The 25-foot-long, 8-foot-high suspension bridge, designed to support a 100-pound hanging concrete panel, was composed of more than 10,000 K’NEX pieces, a popular children’s toy, according to associate architecture professor Craig Baltimore.
“The course takes construction management and architecture students through the design process of large construction projects from the beginning with the conceptual design to the end, where you actually build the design, and all the phases in between,” Baltimore said.
Two architectural engineering classes were introduced to the phases of designing, engineering and constructing a large-scale project during winter quarter. To bring their design to life, 13 of these architecture students built their suspension bridge early Monday morning and left it on display all day.
Before assembling the bridge, students began putting pieces of it together a week in advance. In addition, on Saturday they put it all together in the staging process to make sure it would come together properly on Monday.

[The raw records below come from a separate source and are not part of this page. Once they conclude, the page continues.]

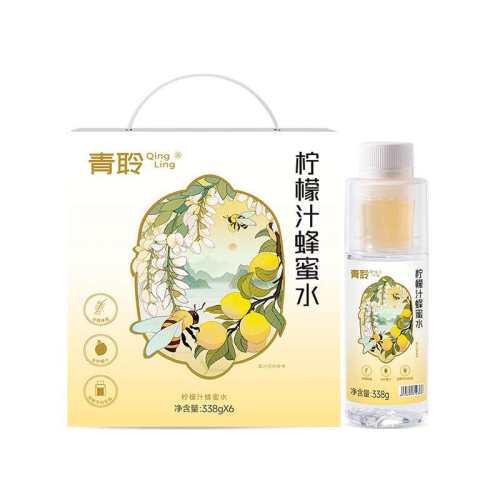 ���� �������ʷ���ˮ 338g*6ƿ ����ʽƿ�� 0֬�����ʹ�����ˮ 31.9Ԫ
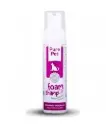 pure pet foam shamp
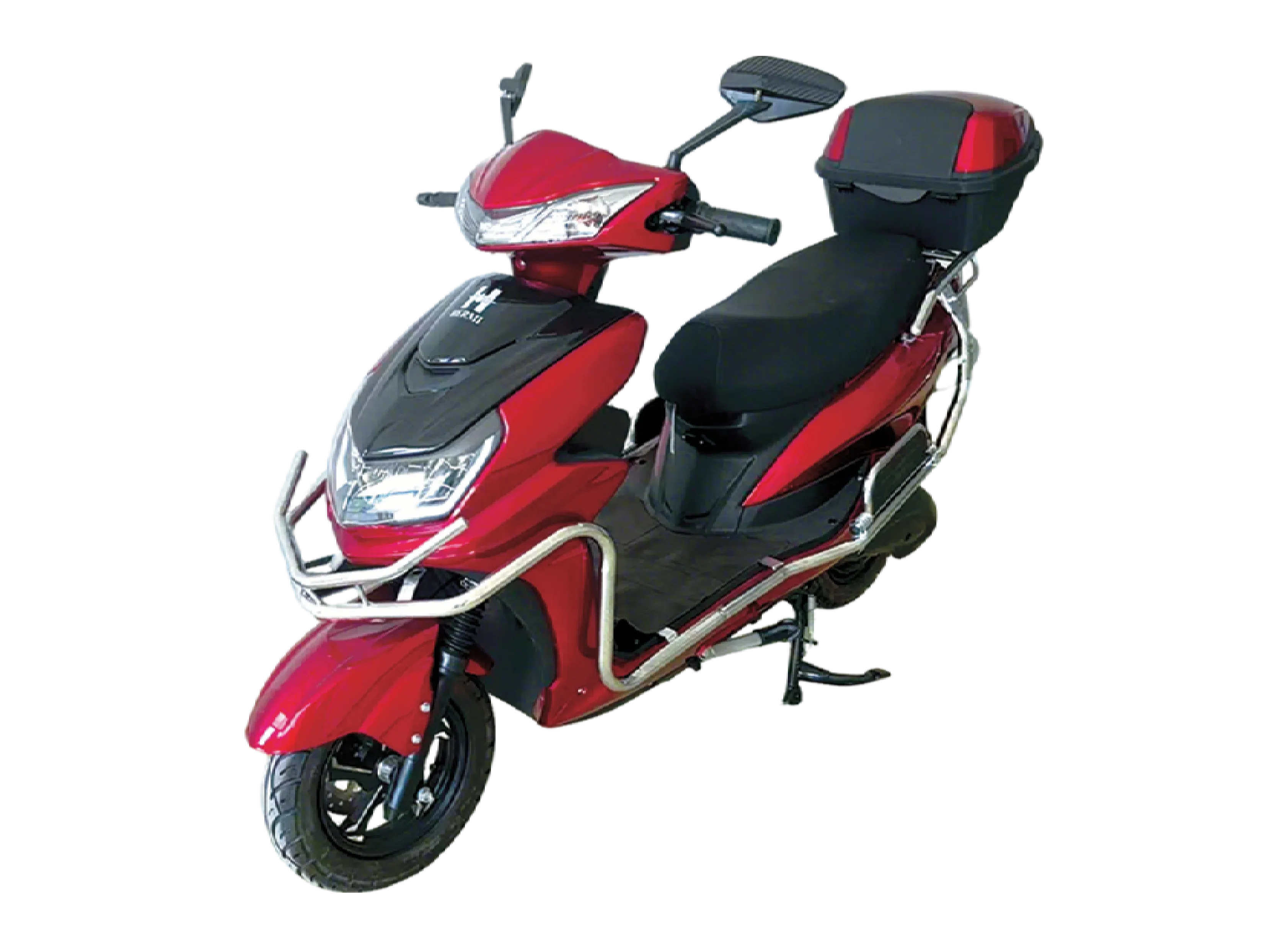 HM-01 Commuter E-Bike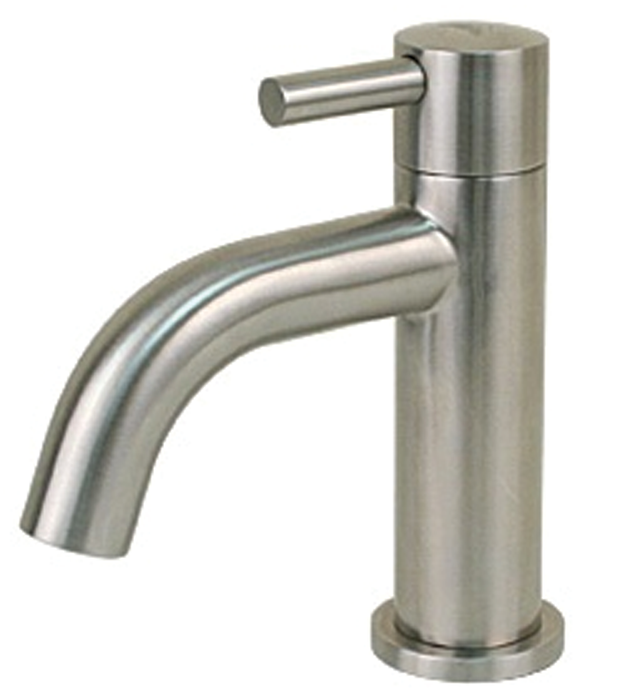 Scandvik 74106 Nordic Stainless Steel Cold Water Tap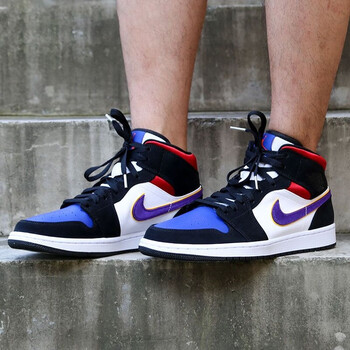 bq6931-005/852542-005湖人红蓝 36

“This is not an academic exercise, it is a reality-based exercise,” Baltimore said. “It was immeasurable for students to be able to see how the paper design and the actual design have to match. If you leave one component out, the structures are going to know that.”
A key takeaway from the project was realizing that things don’t always work out perfectly when bringing the plan from paper to real life, architecture junior Lilly Wellington said.
“You have to expect for things to go wrong that you could never plan for,” Wellington said. “You plan as much as you can, but there will always be things you won’t expect and you have to plan for that.”
In addition, Wellington said the experience was invaluable because she learned information important in the real world that one can’t always get from textbooks.
“Rather than the normal lecturing of the different physics and calculus we need to know, we got hands on experience,” Wellington said. “We went through all the steps that we would go through on a normal job.”
The use as a toy aside, architectural engineering department chair Allen Estes said K’NEX are a great tool to demonstrate concepts that are part of the larger course exercises. In this instance, the toys were used to show the principles of building a suspension bridge.
“I personally think these toys are great,” Estes said. “You can do so much with them in an engineering class. I am grateful to (Baltimore) and his class for doing this in such a public way.”
K’NEX Corportation, who donated 14,000 pieces to the school, will meet with Estes in the coming weeks to discuss further partnerships.